Little Drops captures on stage the torment, the bruises and malcontent inherent in the Niger Delta region. This sometimes painful, yet deeply engaging narrative is woven through the experiences of four women. These are women who have known helplessness, have tasted the trauma of loss in the conflict-ridden Niger Delta, still they forge on— indeed these are women we can relate to, for the air they breathe is the same as ours. In the words of Mrs Seminitari, these issues are “a constant narrative in national discourse, demanding and requiring healing. We must also begin to think more on helping to rebuild the lives of women and children who are unscripted victims of the conflicts in the Niger Delta.”

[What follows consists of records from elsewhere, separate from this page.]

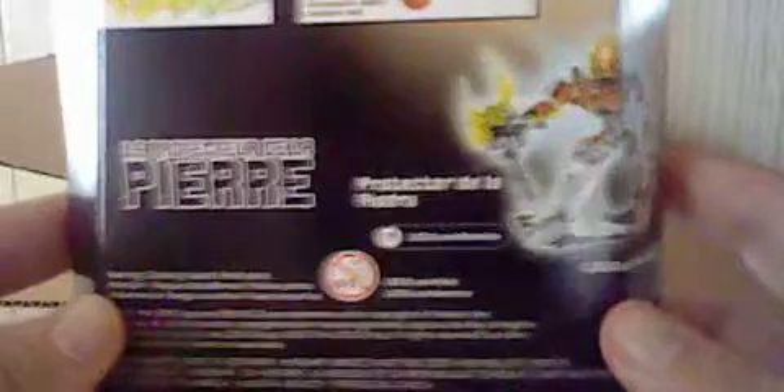Next is the Protector of Stone. Pretty straightforward — same basic package design as the other two. Shows his mask, weapon function, his name in several languages, along with Pohatu's upgraded form.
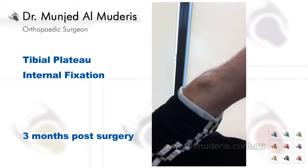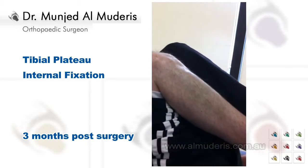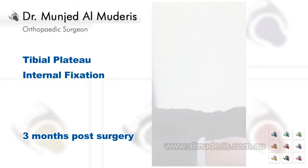Beautiful, and bend them both together please. Perfect. So that's three months after tibial plateau internal fixation.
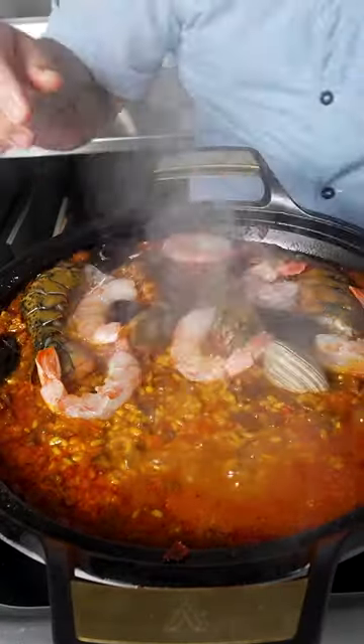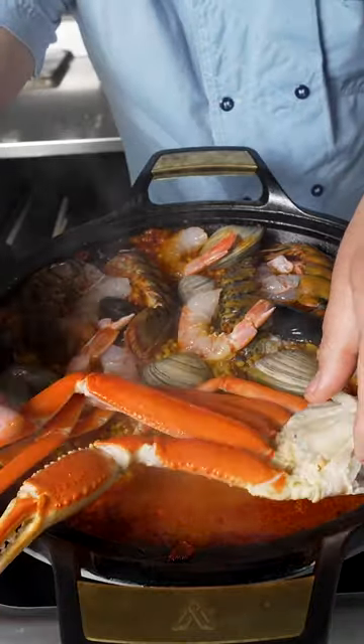Add the bombo rice, place seafood carefully down, cover and finish. This will help cook the seafood.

The play opens at an embattled waterside, with a war-ravaged Mukume (Najite Dede) running from rebels, into what she presumes is another male tormentor. She begs for mercy and pleads not to be raped in the ensuing exchange and my heart goes out to her, for this does not seem like a fight she can win. When her assailant demands from her ‘Why? You think you’re too good for me eh?’ Mukume responds, ‘No, I’ve been raped three times already today…’

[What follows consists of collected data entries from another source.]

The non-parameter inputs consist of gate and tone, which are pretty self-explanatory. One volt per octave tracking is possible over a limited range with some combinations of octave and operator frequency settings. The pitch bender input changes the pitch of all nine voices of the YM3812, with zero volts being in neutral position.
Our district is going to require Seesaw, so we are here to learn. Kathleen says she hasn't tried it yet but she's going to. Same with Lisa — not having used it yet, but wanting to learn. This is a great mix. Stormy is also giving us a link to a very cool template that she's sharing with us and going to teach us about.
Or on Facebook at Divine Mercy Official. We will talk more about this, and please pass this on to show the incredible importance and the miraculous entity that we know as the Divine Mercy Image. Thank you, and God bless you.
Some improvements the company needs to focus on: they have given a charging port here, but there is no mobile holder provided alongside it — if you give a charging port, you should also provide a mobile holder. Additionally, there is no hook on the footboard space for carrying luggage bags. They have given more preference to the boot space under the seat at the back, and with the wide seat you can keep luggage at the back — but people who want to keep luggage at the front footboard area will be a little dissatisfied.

This exchange feels strongly symbolic of the rape and plunder of the Niger Delta, by those whom her lands and waters have nurtured and fed for decades.
We soon find out in the play that Mukume’s attacker is no tormentor at all- the attacker is Mama Mememkize (Tosan Ugbeye), mother to all who stumble to her riverside home, the ever watchful hawk who speaks of the war in which she lost her sons and husband: “Why they fought this war, who won this war, I do not know. What I do know, is that my losses are real”.
After having scared her with a giant spoon disguised and clothed to resemble a gun, it is Memekize who tends Mukume’s wounds- praying with reverence to Mary mother of Jesus and then immediately turning to Benikrukru, goddess of the river, she pleads “Let the whiteness of the sea goddess be hers, come and make her your own!”
The psychological effects of rape are captured vividly on the stage and by reflex, the collective sighs and shaking of heads go on in the audience. The plunder does not end in rape, there are murders, including that of the king, and shellings that claim scores of innocent lives. The land is at war, with its young men splitting into factions of rebel groups, with each group claiming to be fighting for the improvement of the Niger Delta region.
We meet Azwe (played by Zara Udofia Ejoh), the young queen of the land, who runs from the palace incognito after her husband is felled by rebels shortly after they share his meal. But Azwe’s trauma is not complete, not until the crown prince strapped to her back is found dead – with a stomach “full with the lead of death…” as Memekize says. In little drops of blood, his life had been seeping away.
Our fourth female character is Bonuwo, (played by Joke Sylva) a teacher who is also caught up in the war after losing her 44 pupils to a bomb, and pursued away from a town that once saw her as a messiah come to bring enlightenment to their children.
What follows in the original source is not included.